837.61351/12–2145: Circular telegram

The Acting Secretary of State to the Diplomatic Representatives in the American Republics

Negotiations for the purchase of Cuba’s 1946 sugar crop have again been broken off at the instance of the Cuban delegation, which states [Page 954] that it will require acceptable assurances regarding the future of Cuban sugar in the United States market before it is prepared to consider a global sale.

The Department had hoped that essential deficit requirements of other American Republics could be provided for by agreement with Cuba to set aside sugar for sale within the hemisphere at a reasonable price, as was done last year. Cuban negotiators were not receptive to our request that sales to other countries be deferred until after conclusion of a contract with the United States, and have, on the contrary, indicated that they will be obliged to meet pressing requirements of other countries and that they expect to charge prevailing world price. The nearest approach to a world price under present controlled market conditions is that charged for Peruvian sugar, which has recently been in the neighborhood of 11 cents per pound, refined basis.

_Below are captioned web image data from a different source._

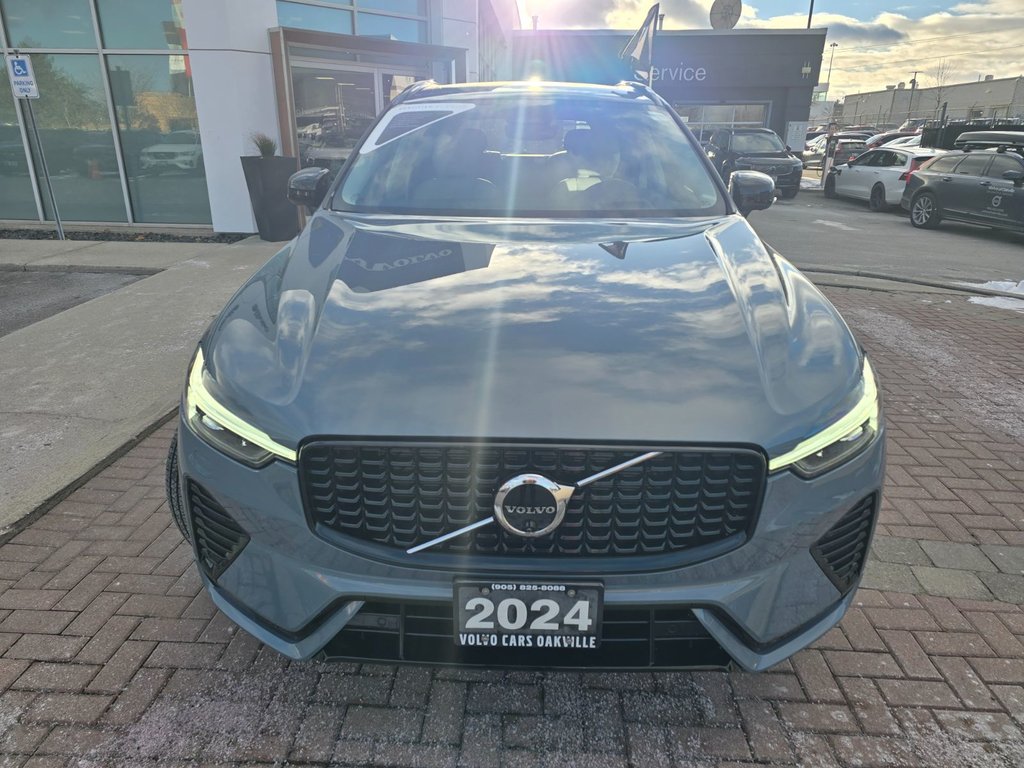 2024 Volvo XC60 ULTIMATE DARK THEME-3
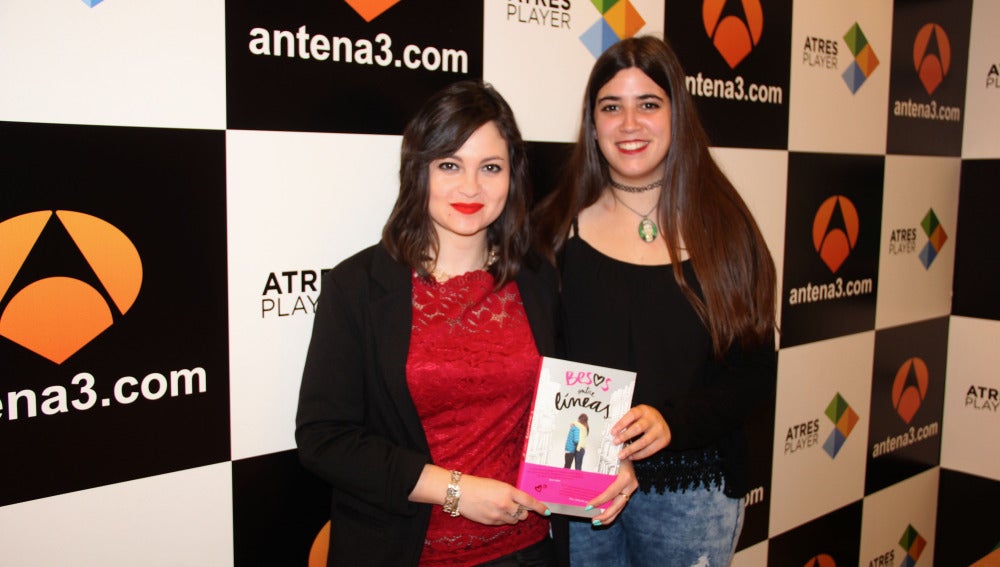 May R Ayamonte y Esmeralda Verdú, autoras de 'Besos entre Líneas'
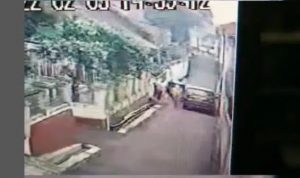 Penipuan dengan modus mengaku tenaga kesehatan program vaksin di Kabupaten Kuningan terekam CCTV.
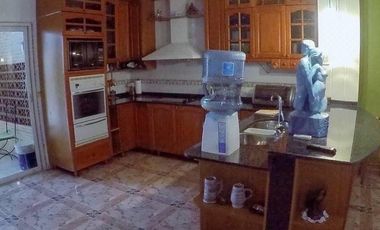 En venta casa de primer nivel Bº Ibirapitá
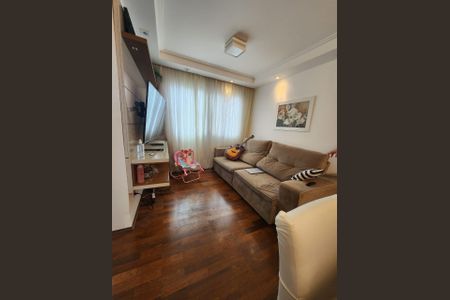 Apartamento para alugar com 62m², 2 quartos e 1 vagaSala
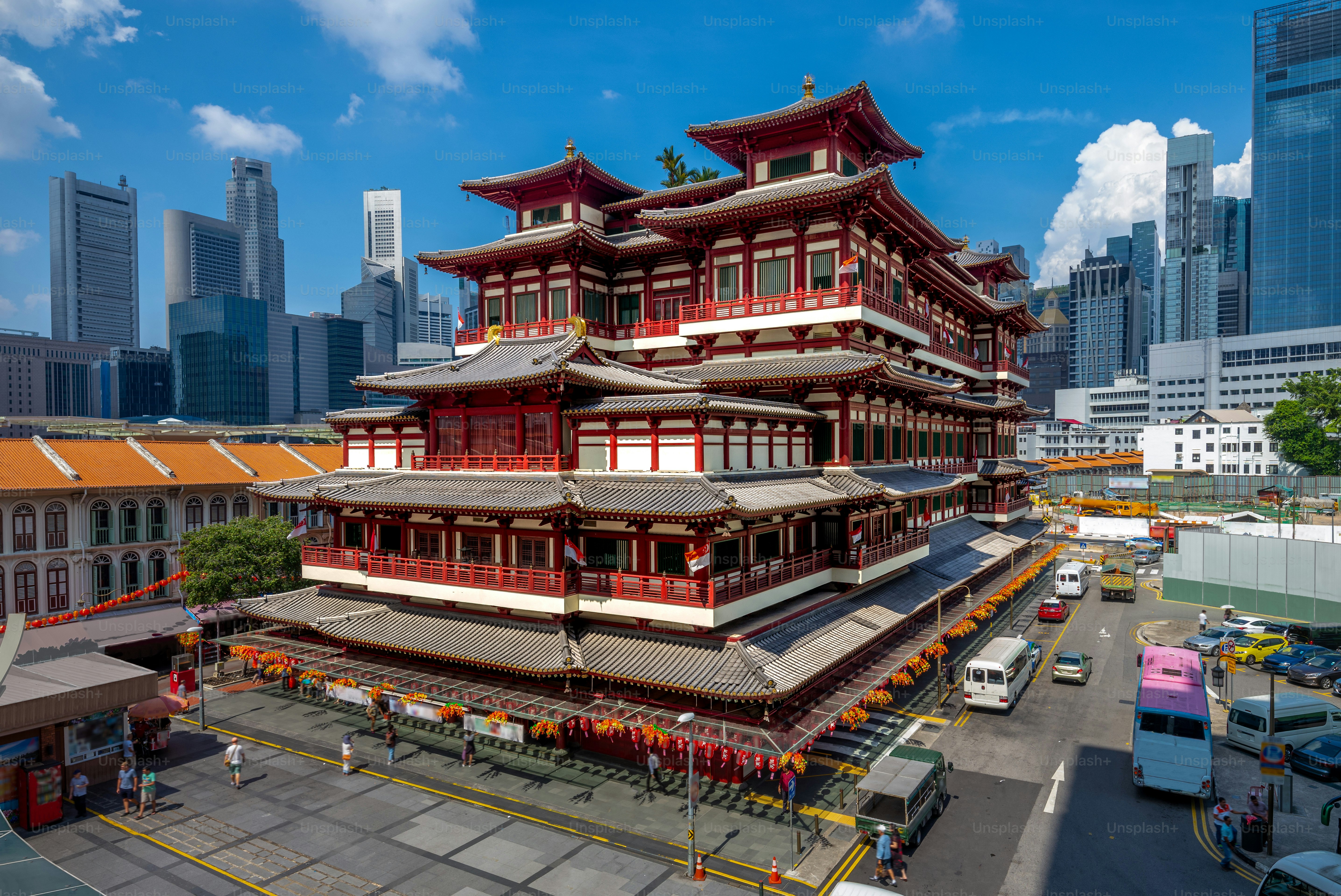 buddha tooth temple in chinatown, sinagapore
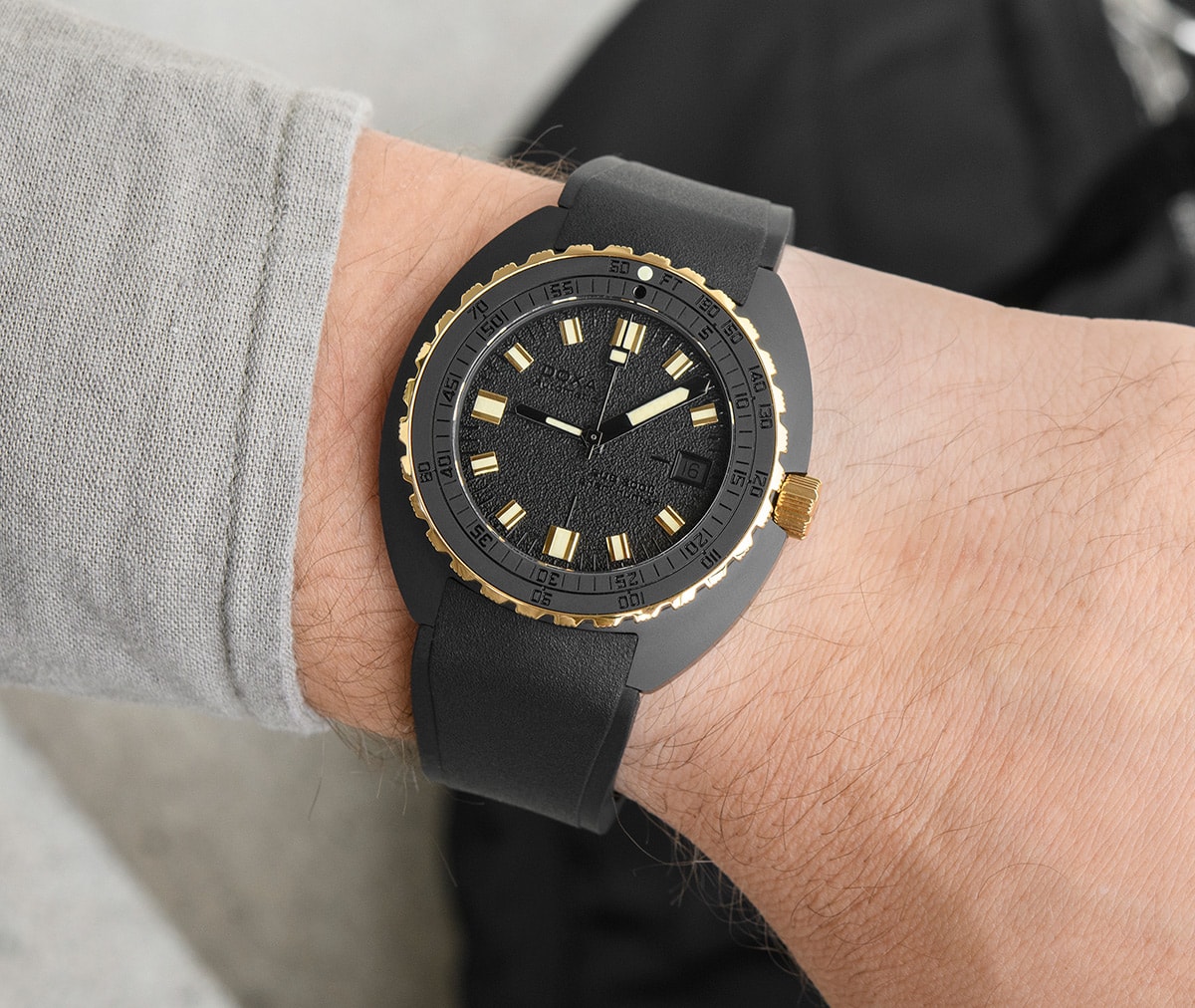 DOXA SUB 300 Beta Sharkhunter na ruci
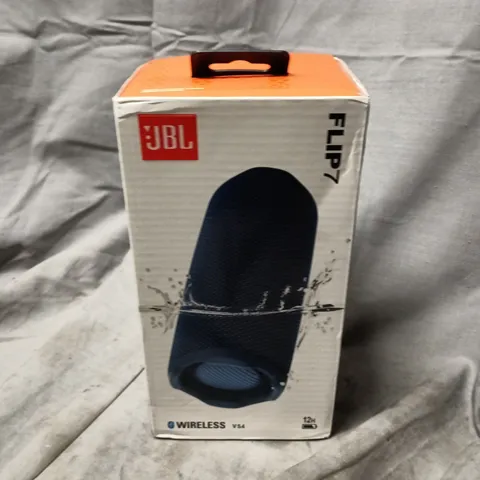 BOXED JBL FLIP7 IN BLUE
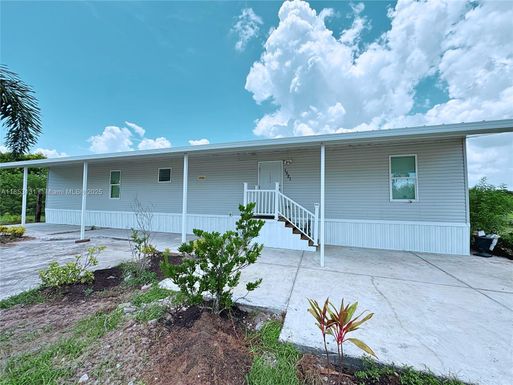 1321 BLUFF HAMMOCK RD, Lorida FL 33857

The Department pointed out that the present world price is exorbitant and that exaction of this price will seriously impair the efforts of the other American Republics to prevent an inflationary rise in the cost of living. The Cuban representatives indicated that failure of the other American Republics to control the prices of commodities exported to Cuba provide adequate justification, in their view, for the action contemplated by Cuba. It would, therefore, appear that, even if the United States is later successful in concluding a contract at a price below the going world price, it is extremely doubtful that Cuba will agree to sales at a comparable figure elsewhere in the hemisphere since, so far as the Department is aware, the United States is the only country which has exercised close control over export prices.